The Liberal Democrats will use their first party conference in Government to push a vote to make full ‘same-sex marriage’ official party policy.
The motion also calls for the law to allow heterosexual couples to remain married if a transsexual spouse legally changes their sex by gaining a gender recognition certificate.
Senior figures in the party admit the controversial move could be contentious when it is debated in Liverpool next month but press reports claim it is certain to pass.
But redefining marriage and enforcing it throughout society could cause a surge in litigation against those groups and individuals who hold to the traditional definition of marriage.

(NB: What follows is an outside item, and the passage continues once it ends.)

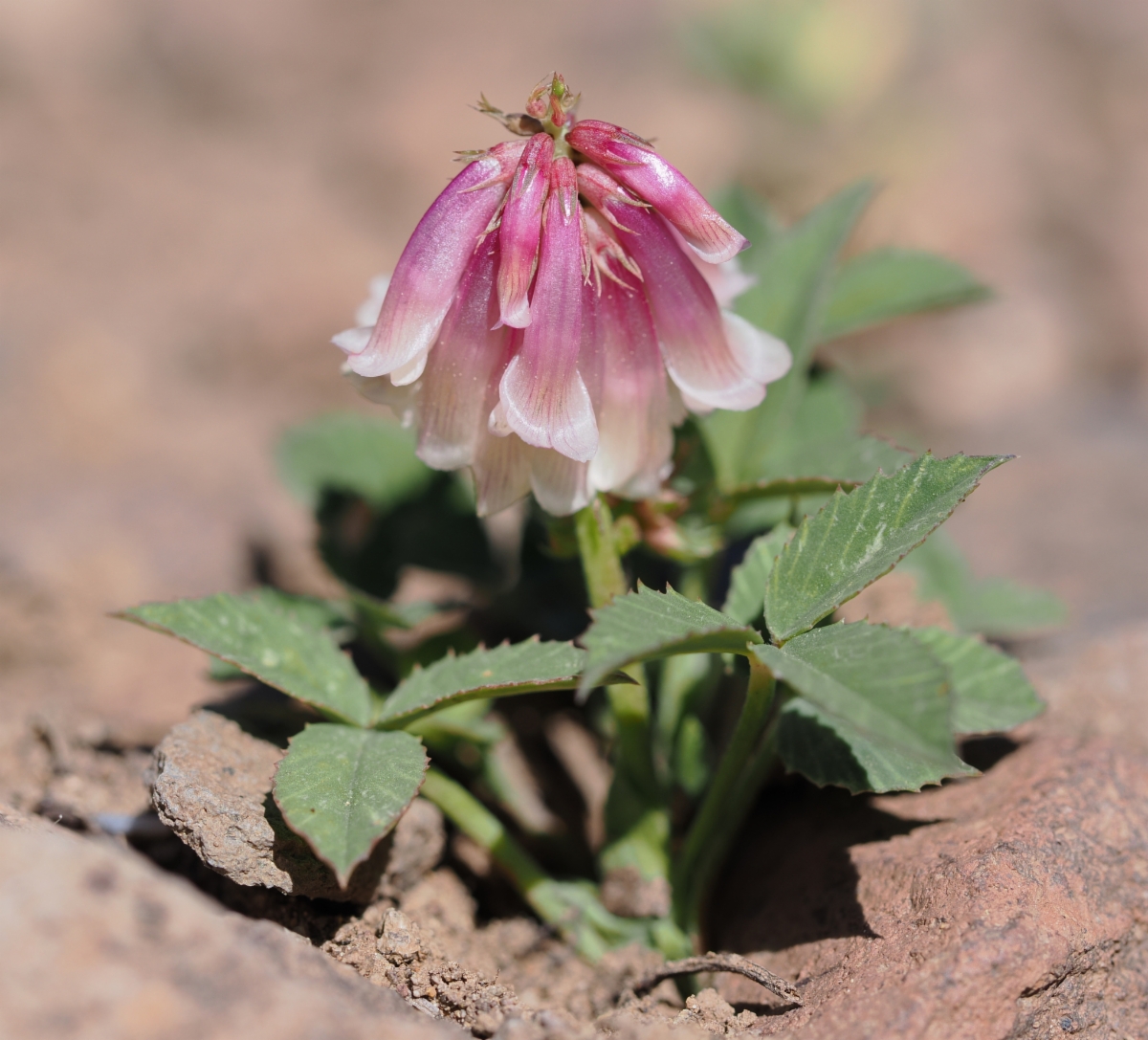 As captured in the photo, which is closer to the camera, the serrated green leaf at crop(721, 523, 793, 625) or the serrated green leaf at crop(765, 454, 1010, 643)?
the serrated green leaf at crop(765, 454, 1010, 643)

Faith based adoption agencies have already been crushed by ‘equality’ laws because of their ethical stance on homosexual conduct.
And schools may be forced to teach children that there is no moral difference between same-sex marriage and heterosexual marriage.

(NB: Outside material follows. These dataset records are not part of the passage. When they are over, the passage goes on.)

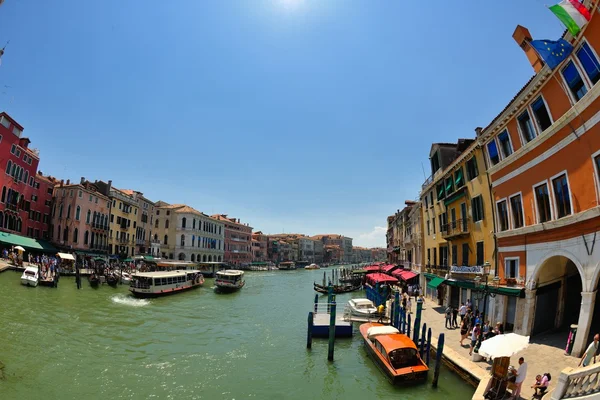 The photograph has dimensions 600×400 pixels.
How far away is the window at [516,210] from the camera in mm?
16594

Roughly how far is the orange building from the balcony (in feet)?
11.5

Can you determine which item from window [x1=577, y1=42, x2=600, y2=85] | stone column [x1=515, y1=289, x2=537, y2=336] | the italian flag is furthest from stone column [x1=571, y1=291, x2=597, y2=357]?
the italian flag

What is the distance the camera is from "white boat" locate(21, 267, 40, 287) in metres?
27.5

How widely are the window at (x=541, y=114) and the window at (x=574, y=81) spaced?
1625 millimetres

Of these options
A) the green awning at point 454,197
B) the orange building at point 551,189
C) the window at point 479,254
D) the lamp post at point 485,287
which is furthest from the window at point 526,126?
the window at point 479,254

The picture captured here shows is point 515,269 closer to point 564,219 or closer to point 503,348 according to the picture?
point 564,219

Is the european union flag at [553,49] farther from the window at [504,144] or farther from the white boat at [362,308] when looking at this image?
the white boat at [362,308]

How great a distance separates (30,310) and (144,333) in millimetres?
7828

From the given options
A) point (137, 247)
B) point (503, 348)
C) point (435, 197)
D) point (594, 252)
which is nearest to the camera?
point (503, 348)

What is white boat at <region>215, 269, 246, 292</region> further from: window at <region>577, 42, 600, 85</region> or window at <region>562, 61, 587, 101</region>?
window at <region>577, 42, 600, 85</region>

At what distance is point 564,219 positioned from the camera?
41.7ft

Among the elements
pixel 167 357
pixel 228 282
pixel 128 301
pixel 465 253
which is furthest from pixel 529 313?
pixel 228 282

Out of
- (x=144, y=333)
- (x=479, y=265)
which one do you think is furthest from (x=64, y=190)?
(x=479, y=265)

A Liberal Democrat source told the Independent on Sunday: “There will undoubtedly be some people that will speak against it, especially from the various religious groups. But this is something that the party as a whole has been calling for. It will be a key issue for us in defining ourselves against the Tories.”

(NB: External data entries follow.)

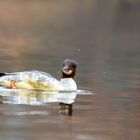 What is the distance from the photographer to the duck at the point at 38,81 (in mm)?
18547

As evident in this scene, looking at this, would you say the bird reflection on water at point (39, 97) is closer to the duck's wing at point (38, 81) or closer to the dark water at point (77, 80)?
the dark water at point (77, 80)

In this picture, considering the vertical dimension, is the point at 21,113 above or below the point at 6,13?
below

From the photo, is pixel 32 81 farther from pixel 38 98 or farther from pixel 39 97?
pixel 38 98

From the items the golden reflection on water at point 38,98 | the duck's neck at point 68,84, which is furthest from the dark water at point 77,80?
the duck's neck at point 68,84

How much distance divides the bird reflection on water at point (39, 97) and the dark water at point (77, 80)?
0.06 feet

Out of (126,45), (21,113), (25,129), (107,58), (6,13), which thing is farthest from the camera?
(6,13)

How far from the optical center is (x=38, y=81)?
18547 millimetres

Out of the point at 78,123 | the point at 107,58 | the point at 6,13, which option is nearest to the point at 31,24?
the point at 6,13

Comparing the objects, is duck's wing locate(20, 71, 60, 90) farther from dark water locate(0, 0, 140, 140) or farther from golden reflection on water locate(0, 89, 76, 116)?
dark water locate(0, 0, 140, 140)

Homosexual Lib Dem MP Stephen Gilbert, who is supporting the motion, said: “The Liberal Democrats have long fought for LGBT equality and were the first party with a gay rights policy. With the support of Stonewall we were also the first party to introduce a Civil Partnership Bill. And now I hope we can continue this record and become the first party to officially support full marriage equality.”
Last month bisexual deputy leader of the Liberal Democrats, Simon Hughes, predicted that full same-sex marriage will be legalised before the next general election.
He made his remarks in a video interview with Yoosk, a website on which users can question important public figures.
Existing laws allow homosexual couples to have a civil partnership, but Mr Hughes said there is now a consultation to look at how it can be taken to the next stage.
In February Nick Clegg, the Lib Dem leader, voiced his support for redefining marriage.
Before the General Election George Osborne, who is now the Chancellor of the Exchequer, said David Cameron the Conservative leader would be “very happy” to consider changing the law to allow full same-sex marriage.
But in May Mr Cameron told Sky News that he had no immediate plans to legalise full ‘homosexual marriage’.